Saudi Aramco to acquire 20% stake in RIL oil

Wednesday 14th August 2019 05:19 EDT
 
 

In what could be the largest foreign direct investment in India, Saudi Aramco has proposed to sign a non-binding Letter of Intent (LOI) to acquire a 20 per cent stake in Mukesh Ambani's Reliance Industries' refining, petrochemicals and fuels marketing businesses. Saudi Aramco’s potential 20 per cent stake which is based on an enterprise value of $75 billion for the division is worth around $ 15 billion. “I am truly delighted to welcome Saudi Aramco, one of the largest business enterprises in the world, as a potential investor in our oil to chemicals division. We have a long-standing crude oil relationship with Saudi Aramco and we would be happy to see this further strengthened with this investment. Saudi Aramco’s interest is a strong endorsement of the quality of our assets and operations as well as of the potential of India,” Ambani said addressing RIL's 42nd annual general meeting on Monday. “The deal with Aramco will include of Reliance’s refining and petrochemicals assets as well as the remainder of stake the firm has in fuel retailing business after selling 49 per cent to BP of Britain.”

Will reduce RIL debt

The company has been sitting on a huge pile of debt. The gross debt stands at £28 billion. This deal could reduce the debt of the company by over 30 per cent after considering the reduction of interest on debt. This could impact the EPS by 17-18 per cent. RIL and Aramco, the world’s largest integrated oil and gas company producing one in every eight barrels of crude oil globally, had been negotiating the deal for the last couple of months. Aramco’s proposed investment of over $15 billion could turn out to be a big booster shot for the sagging investment scenario in the country. “We expect to complete these transactions within this financial year subject to definitive agreements, due diligence, regulatory and other customary approvals. The commitments from these two transactions are about £11 billion,” Ambani said.

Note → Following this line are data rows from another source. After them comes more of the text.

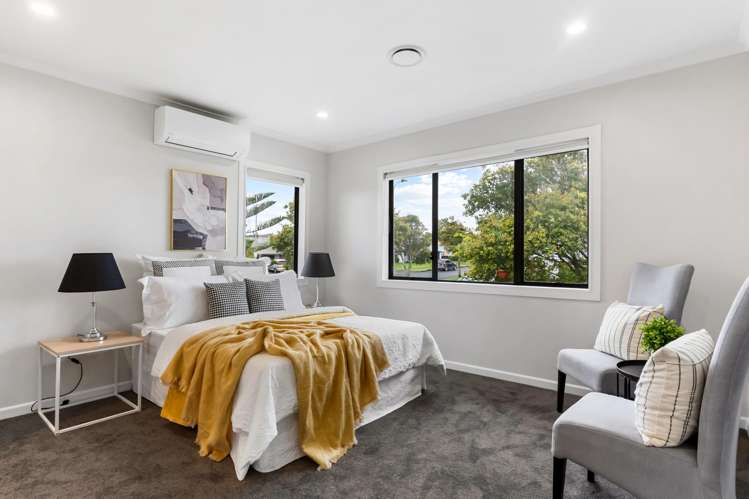 1 Eiger Place Northpark_14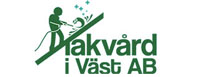 Takvård i Väst AB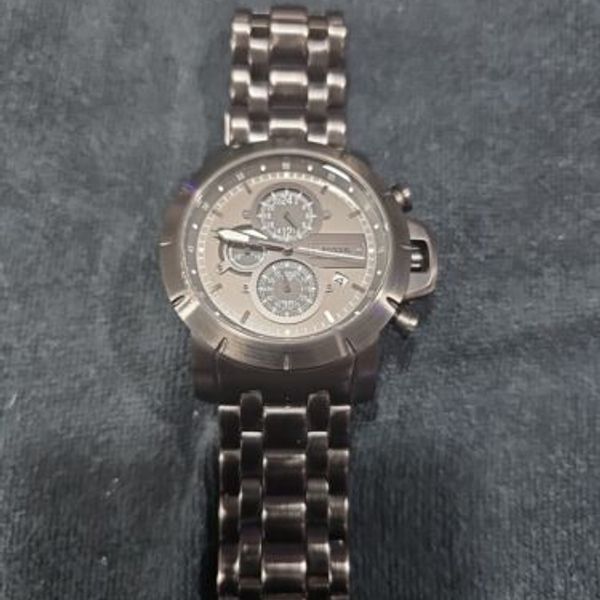 Stable F16560/3 Watch Battery main image 0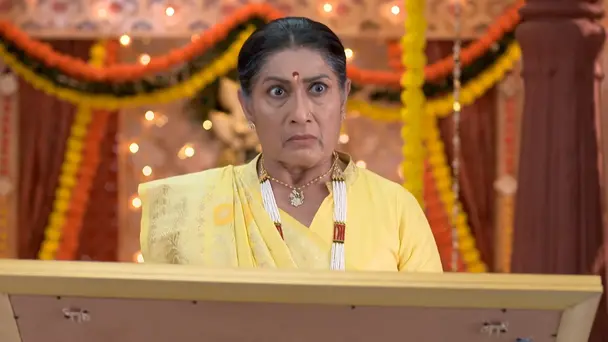 Introduction of Vaishnav and Jonas family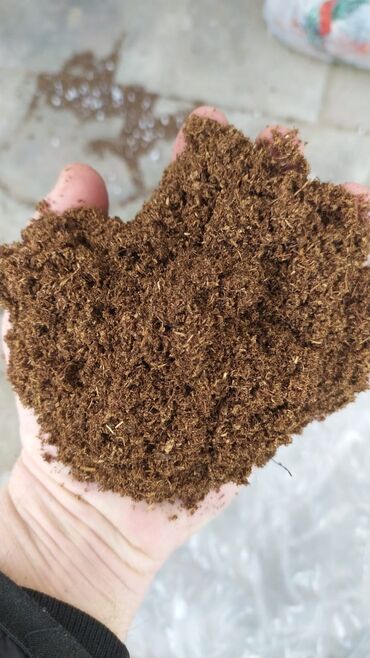 Torf: Torf 250 litrlik ekolayf perlitli 250 litrlik torf perlitli organik — 4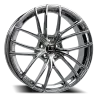 Luxxx LE 8 20 10.5 38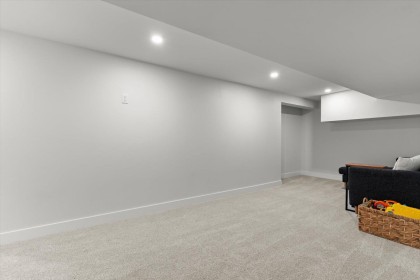 Photo 29 at 21730 River Road, West Central, Maple Ridge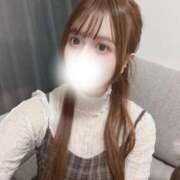 ヒメ日記 2025/10/25 03:46 投稿 あん E+アイドルスクール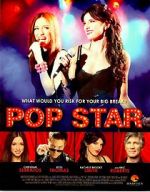Watch Pop Star Niter
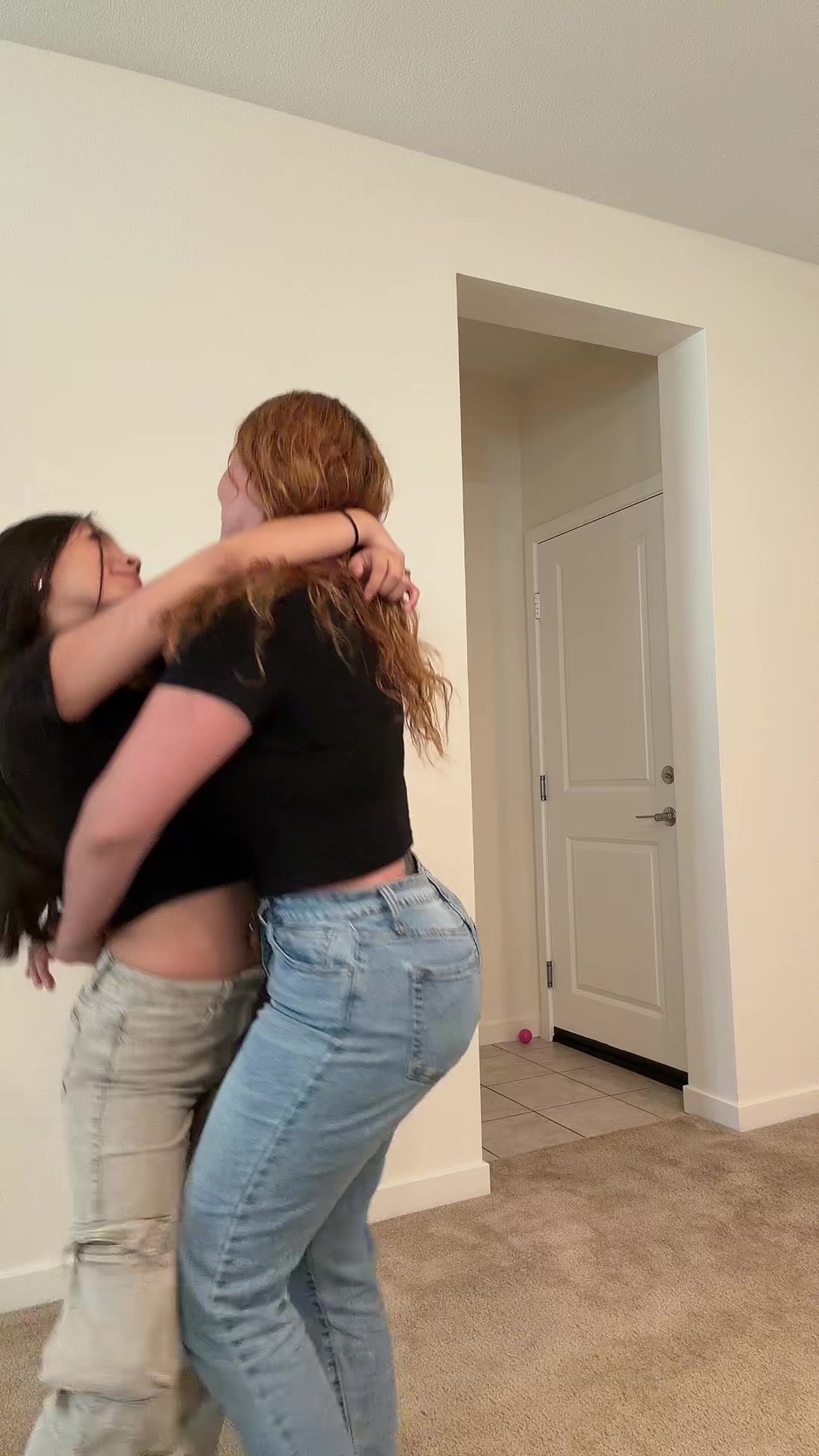 @Miaa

He said the company will become debt-free by 2021. “We have a very clear road map to becoming a zero net debt company within the next 18 months that is by March 2021,” he said. “As we achieve our zero net-debt target, I assure you my dear shareholders that we will reward you abundantly through higher dividends, periodic bonus issues and other means, and at a more accelerated pace than any time in our history.” After TCS, RIL is the second most valued company in India with a market capitalisation of over £7.36 billion.

Under the non-binding LOI, the proposed investment is subject to due diligence, and the executed definitive agreement will be subject to regulatory and other customary approvals. The parties will make an announcement once a definitive agreement is executed, Ambani said. The company had last week announced that BP is acquiring 49 per cent stake in its fuel retailing business. Reliance will get £700 million from BP for this transaction.

RIL’s Jamnagar refinery is the largest and most complex refinery in the world. The proposed investment would result in Saudi Aramco supplying 500 KBPD of Arabian crude oil to the Jamnagar refinery on a long term basis.

Meanwhile, public sector oil companies have proposed a $44 billion oil refinery with Saudi Aramco and Abu Dhabi National Oil Company (ADNOC) in Maharashtra. Though the refinery was initially proposed to be built at Nanar, Ratnagiri district, farmers refused to surrender land, fearing it could damage a region famed for mango and cashew plantations.